Intervention de Michel Billout

Réunion du 18 octobre 2006 à 15h00
Secteur de l'énergie — Article 1er

Photo de Michel BilloutMichel Billout :

À travers cet amendement, nous souhaitons nous donner le temps de renégocier les directives européennes qui imposent l'ouverture à la concurrence du secteur énergétique.

En premier lieu, nous estimons que l'énergie - un secteur stratégique s'il en est - ne saurait être livrée à l'appétit d'intérêts privés qui sont, pour l'essentiel, des fonds de pensions britanniques et américains. Face à de telles puissances, monsieur le ministre, il est fort à craindre que la minorité de blocage de 34 % que vous nous présentez comme une garantie ne constitue en fait qu'un rempart dérisoire !

En second lieu, les vertus et les bénéfices attendus de l'ouverture à la concurrence n'ont pas été au rendez-vous.

Que ne nous avait-on pas promis en matière de baisse des prix et d'amélioration de la qualité des services ! Or les résultats ne sont pas là, et les exemples dont nous disposons ne convainquent guère.

Pour les entreprises, l'écart entre le prix réglementé de l'électricité et le prix libre est d'environ 66 %, ce qui est naturellement loin de satisfaire leurs dirigeants.

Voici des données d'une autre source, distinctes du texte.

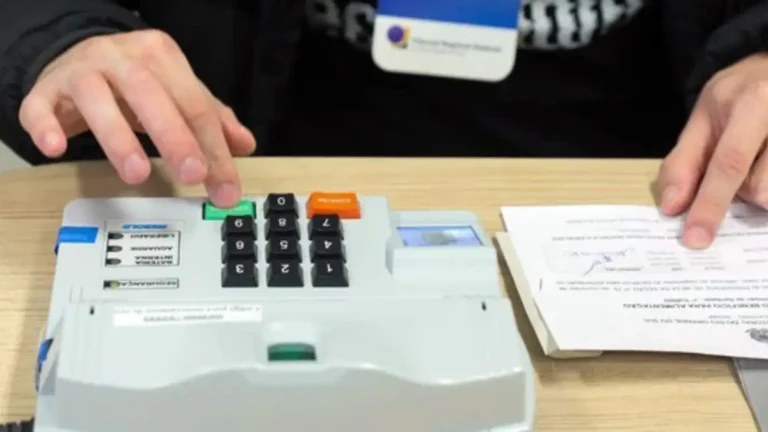 Saiba como ser mesário voluntário em União dos Palmares nas Eleições 2026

Quant aux prix du gaz, tout le monde a pu constater qu'ils ont augmenté de 30 % depuis le changement de statut de l'entreprise.

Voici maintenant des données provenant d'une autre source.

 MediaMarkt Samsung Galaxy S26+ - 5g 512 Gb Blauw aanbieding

Combien de fois avons-nous dénoncé, y compris dans cet hémicycle, l'idéologie qui sous-tend la déréglementation des marchés et qui applique exactement les mêmes recettes, quel que soit le secteur économique concerné ?

Partout, que ce soit pour le rail, le transport aérien, la poste ou l'énergie, les mêmes causes produisent les mêmes effets. Partout, le procédé mis en oeuvre est le même : on accuse d'abord les entreprises publiques d'être mal gérées, alors qu'on ne leur accorde pas les moyens dont elles ont besoin, pour mieux justifier ensuite leur privatisation. Bien que le scénario ne soit pas tout à fait identique pour Gaz de France, la démarche est de même nature.

Il faut donc renégocier avec Bruxelles, sur la base de l'absence des résultats escomptés. En effet, ces directives transposées s'appliquent aveuglément, sans aucun souci de l'impact social, économique ou écologique !

Monsieur le ministre, je le répète, alors que le Gouvernement avait fait miroiter aux entreprises des baisses du tarif de l'électricité considérables, on a assisté tout simplement à des hausses sans précédent, que vous avez un peu trop tendance à imputer à la seule augmentation du prix du pétrole !

En nous demandant de privatiser GDF, comme vous le faites aujourd'hui, vous contredisez complètement la lettre, et même l'esprit, des textes que vous avez fait voter voilà à peine deux ans, à savoir la loi du 9 août 2004 et la loi de programme du 13 juillet 2005 fixant les orientations de la politique énergétique du pays.

Et je n'évoque même pas, car nombreux sont nos collègues qui l'ont déjà justement dénoncé, le manquement à l'engagement de l'État dont s'est rendu coupable M. Sarkozy.

Eh bien, non ! Lorsqu'une directive européenne suscite des effets aussi négatifs, lorsqu'elle menace aussi dangereusement notre industrie et affecte la survie de certaines de nos entreprises, il n'est pas possible de baisser les bras et de céder au fatalisme !

Tant le bon sens que la responsabilité politique commandent d'exiger de Bruxelles un moratoire et de convier les autres États membres de l'Union à dresser le bilan de l'ouverture partielle du marché de l'électricité et à envisager une renégociation. Tel est l'objet de cet amendement.